В таком философском русле проходила беседа друзей, навеянная им последними событиями. И хоть события эти разворачивались лишь в пределах школьной ограды, для Пашки с Лёшкой они были куда важнее мировых.
Глава 5
Первый день учебного года сам по себе волнителен. А когда идёшь в неизвестность, когда вместо доброй улыбки любимого преподавателя, не знаешь, кто тебя встретит, этот день становится волнительным вдвойне. Для Калинина и Лопухова, да и для их одноклассников так и было. Лёшка и Пашка, несмотря на то, что уже опаздывали, шли медленно, оттягивая момент казни.
– Лёх, слышь, ты чего своё «гнездо»-то пригладил?
– Да, пригладишь тут, когда не понятно, чего от них ждать. Раньше я хоть знал, что за мою стильную причёску максимум, что мне грозит, это воспитательная беседа с Рулёвым. Тем более что я и сам был не прочь лишний раз с ним пообщаться. Мужик он мировой. А сейчас что? Исключат ещё из школы в рамках новых реформ. Родители меня потом прибьют.
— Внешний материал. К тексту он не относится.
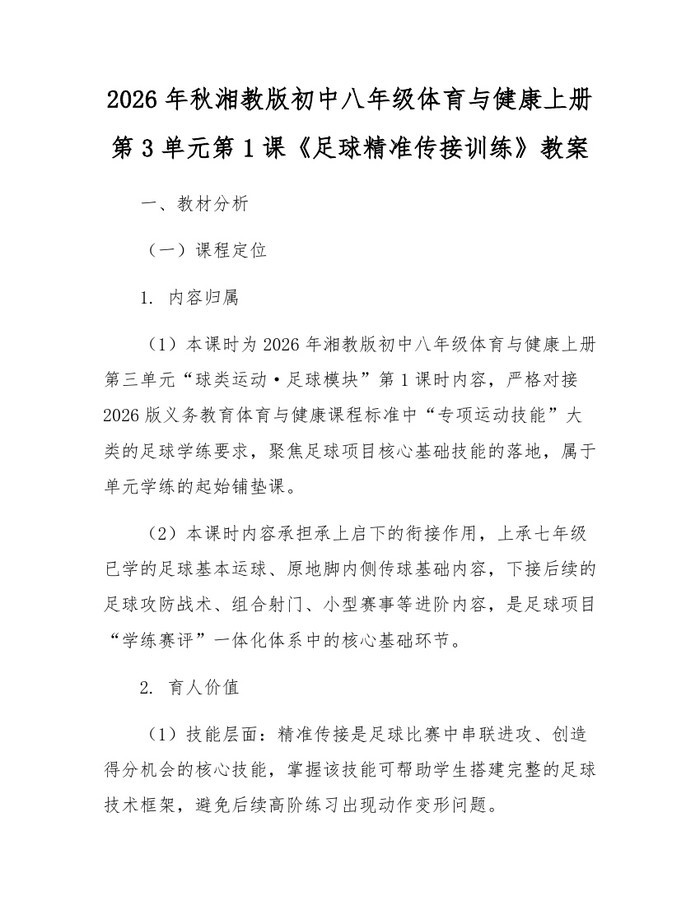 2026年秋湘教版初中八年级体育与健康上册第3单元第1课《足球精准传接训练》教案：(docx+pdf)免费下载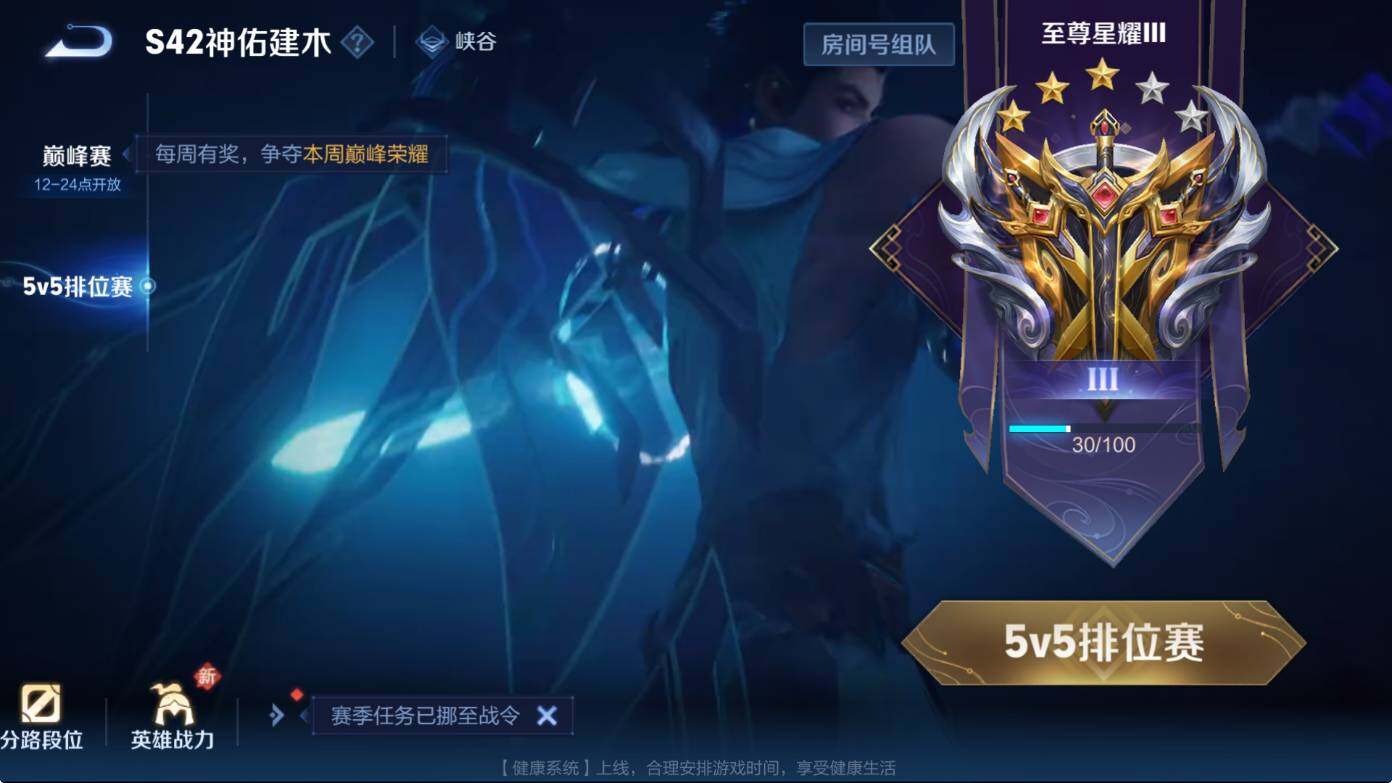 WZCMW4132235王者荣耀账号详情图6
…Первым уроком был русский. Класс до прихода учителя находился в необычном для себя состоянии: никто не рассказывал анекдотов, никто не смеялся и не описывал в красках всех приключений, произошедших за время летних каникул. Калинин и Лопухов сидели за последней партой как в воду опущенные и даже не разговаривали. Все тихо ждали… И тут вошла она, «дыша духами и туманами». Эта ещё не старая, сухая и костлявая дама даже не удостоила детей приветствия. Она написала на доске своё имя, увидев которое, ребята сразу поняли, что они избавлены от необходимости придумывать новой учительнице прозвище. На доске мелким, убористым, «угловатым» почерком было выведено:
ОРФОГРАФИЯ ПАВЛОВНА ЗАПЯТУЛЬКИНА
Лёгкий смешок, прокатившийся по классу, явно не настроил особу в пользу детей. Она села за стол, с видом чрезвычайно серьёзным открыв классный журнал и взглядом великого инквизитора из-под тонких стёклышек очков начала пытливо вглядываться в каждого ученика. Повисла пятиминутная тишина. Наконец, «особа», видимо, оставшаяся довольной осмотром, исторгла из себя металлическим голосом:
– Я ваша новая учительница русского языка и литературы. И чтобы без всяких мне там… «штучек», – и она со всей силы хлестнула указкой по столу.
Все вздрогнули, а «особа» продолжала:
– Мы будем с вами изучать правила нашего «великого и могучего» языка, как о нём ещё сказал один из талантливейших писателей восемнадцатого века Михаил Васильевич Гоголь. Я вас научу говорить и писать, как следует.